When we sleep, our eyes move according to what we see in a dream
(ORDO NEWS) — Several areas of the brain coordinate to create completely imaginary worlds, scientists have found.
When our eyes move during REM sleep, we are looking at things in the dream world that our brain has created, according to a new study from scientists at the University of California, San Francisco (UCSF).
The results of the study shed light not only on how we dream, but also on how our imagination works.

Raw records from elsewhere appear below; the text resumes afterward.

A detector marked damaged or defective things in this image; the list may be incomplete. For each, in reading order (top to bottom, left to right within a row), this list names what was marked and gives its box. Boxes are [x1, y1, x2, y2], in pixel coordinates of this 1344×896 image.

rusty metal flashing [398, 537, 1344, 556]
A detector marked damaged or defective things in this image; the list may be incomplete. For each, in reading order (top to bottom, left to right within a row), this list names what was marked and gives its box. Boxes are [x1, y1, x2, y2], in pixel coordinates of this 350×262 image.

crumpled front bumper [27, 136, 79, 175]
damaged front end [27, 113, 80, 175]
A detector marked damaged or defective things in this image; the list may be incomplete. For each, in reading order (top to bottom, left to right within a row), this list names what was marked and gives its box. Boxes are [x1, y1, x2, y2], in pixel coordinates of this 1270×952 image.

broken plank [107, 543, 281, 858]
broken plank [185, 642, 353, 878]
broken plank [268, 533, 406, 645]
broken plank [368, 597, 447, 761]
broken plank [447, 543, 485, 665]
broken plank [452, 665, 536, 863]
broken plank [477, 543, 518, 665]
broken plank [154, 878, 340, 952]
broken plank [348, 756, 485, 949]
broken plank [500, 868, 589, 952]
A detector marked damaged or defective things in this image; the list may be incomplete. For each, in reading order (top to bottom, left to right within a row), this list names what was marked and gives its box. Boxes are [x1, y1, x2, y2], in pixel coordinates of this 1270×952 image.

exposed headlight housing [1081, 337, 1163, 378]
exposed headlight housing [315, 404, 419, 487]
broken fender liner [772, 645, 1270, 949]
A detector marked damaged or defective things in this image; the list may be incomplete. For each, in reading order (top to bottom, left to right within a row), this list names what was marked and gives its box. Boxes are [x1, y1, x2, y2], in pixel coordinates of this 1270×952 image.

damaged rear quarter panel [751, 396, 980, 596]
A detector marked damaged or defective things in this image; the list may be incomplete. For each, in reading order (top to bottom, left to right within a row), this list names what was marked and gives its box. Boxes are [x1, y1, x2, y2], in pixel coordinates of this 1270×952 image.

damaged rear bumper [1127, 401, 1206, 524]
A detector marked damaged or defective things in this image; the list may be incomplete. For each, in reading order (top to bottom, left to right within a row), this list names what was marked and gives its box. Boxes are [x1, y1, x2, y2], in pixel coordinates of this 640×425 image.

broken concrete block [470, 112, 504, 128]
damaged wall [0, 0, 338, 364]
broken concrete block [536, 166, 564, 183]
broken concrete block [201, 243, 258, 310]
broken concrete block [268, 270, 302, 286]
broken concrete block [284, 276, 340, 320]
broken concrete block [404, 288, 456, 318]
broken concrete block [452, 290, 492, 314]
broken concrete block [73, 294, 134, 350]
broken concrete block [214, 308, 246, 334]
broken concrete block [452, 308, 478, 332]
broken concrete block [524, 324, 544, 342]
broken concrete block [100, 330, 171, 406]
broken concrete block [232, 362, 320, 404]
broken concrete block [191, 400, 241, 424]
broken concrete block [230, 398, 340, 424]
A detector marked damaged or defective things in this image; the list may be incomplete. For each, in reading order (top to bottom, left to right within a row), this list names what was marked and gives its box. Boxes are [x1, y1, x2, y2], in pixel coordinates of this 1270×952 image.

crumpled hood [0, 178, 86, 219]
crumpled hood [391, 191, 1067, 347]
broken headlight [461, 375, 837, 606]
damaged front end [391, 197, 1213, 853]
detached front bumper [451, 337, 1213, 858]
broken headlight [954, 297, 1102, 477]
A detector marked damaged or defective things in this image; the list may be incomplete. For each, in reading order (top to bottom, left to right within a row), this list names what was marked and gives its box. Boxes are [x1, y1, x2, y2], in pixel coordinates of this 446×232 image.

REM sleep, so named because of the rapid eye movements associated with it, has been known since the 1950s as the dreaming phase of sleep. However, the purpose of these eye movements is still the subject of much mystery and controversy.
“We found that these eye movements are not random. They are consistent with what happens in the virtual world of dreams,” said Massimo Scanziani, Ph.D., senior author of the study, which was published in an issue of the journal Science.
“This work gives us a glimpse into ongoing cognitive processes in the sleeping brain and at the same time solves a mystery that has piqued the curiosity of scientists for decades,” he said.
Relationship between eye movement and dreams
In the second half of the 20th century, some experts hypothesized that these REM movements might follow scenes in the dream world.
However, there were few ways to test this theory, and experiments that could be done (noting the direction of the dreamer’s gaze and then waking him up to ask where he was looking in a dream) gave conflicting results.
Many scientists have written off REM movements as random actions, perhaps to keep the eyelids lubricated.
Using much more advanced technology, Scanziani, along with postdoctoral researcher Yuta Senzai, Ph.D. at UCSF, were able to study “head direction” cells in the brains of mice that also experience REM sleep.
These cells act like a compass, and their activity tells scientists which direction the mouse is moving.
By observing the movements of the mouse’s eyes, the team simultaneously recorded data from these cells about the direction of its movement.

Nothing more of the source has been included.